Does blocking advertising that’s meant to target young vulnerable minds into brand loyalty really create a nanny state?
Dr. Tom Warshawski, Chair, Childhood Obesity Foundation is quoted with the following:
“The fact that we are now counter to the food industry, and media, the bottom line is unfortunate. That creates more opposition to our efforts than ever before.”
“We’ve never stepped up with a policy campaign that’s going to face such entrenched opposition from industry. Tobacco would be the closest parallel.”
The Food Industry Compared to the Tobacco Industry.
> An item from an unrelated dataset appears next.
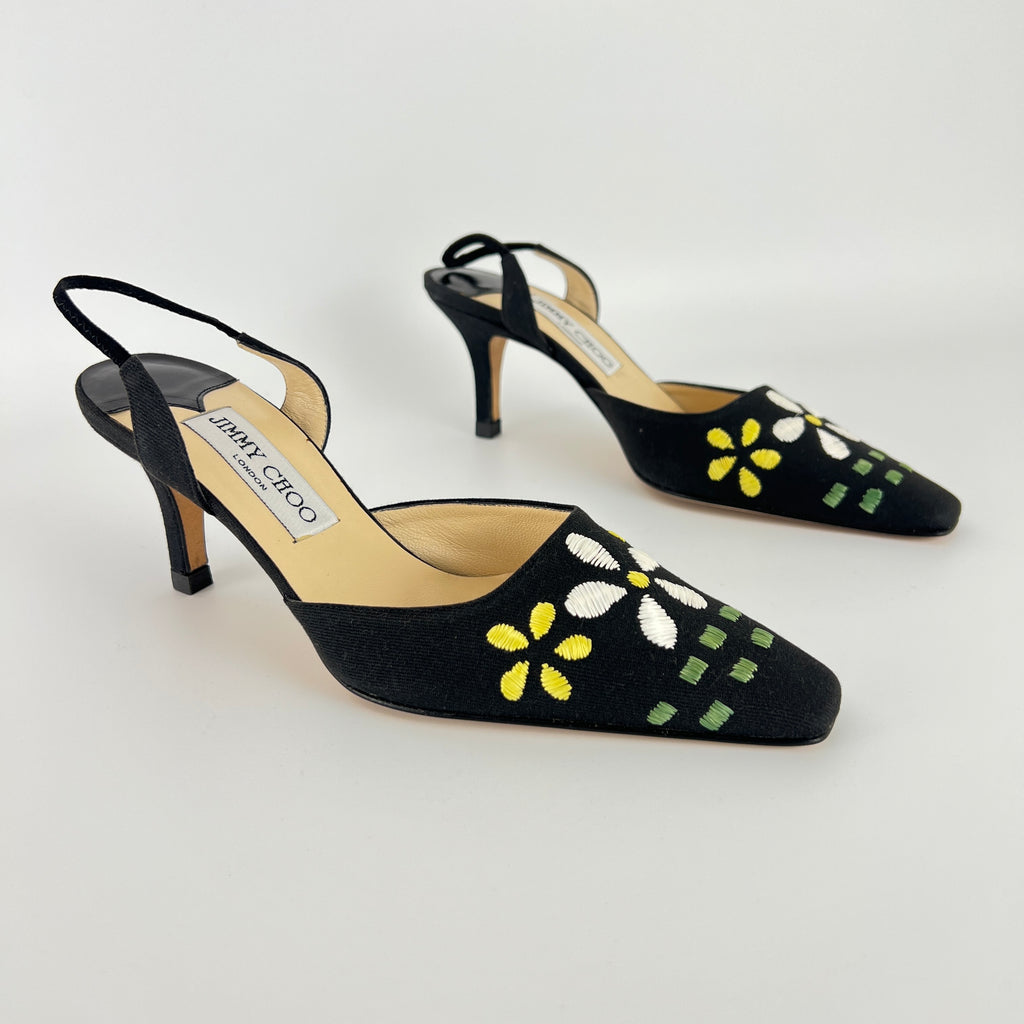 Jimmy Choo | Jessica Black Linen Floral Embroidery Pointed Toe Slingback Heels (35)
Can the federal government push this bill forward without being influenced by the food industry? It’s money, lobbyists and industry infiltration vs. Canadian children. One would guess that the simple answer is, no.
No … WHO cares.
In May of 2010, The World Health Organization recommended international actions to reduce marketing of food and beverages to children. Earlier this year two dedicated physicians took the time to sit down with me and talk to me about their opinions on health policy and both of them mentioned their dedication to a cause. The cause was THIS cause,
stopping the widespread marketing of food to vulnerable people,
specifically children, and adolescents. Dr. Freedhoff and Dr. Campbell both told me about their work with a coalition, the goal of the coalition is simple- to allow Canadian children to grow up in an environment free of influence from food and beverage marketing.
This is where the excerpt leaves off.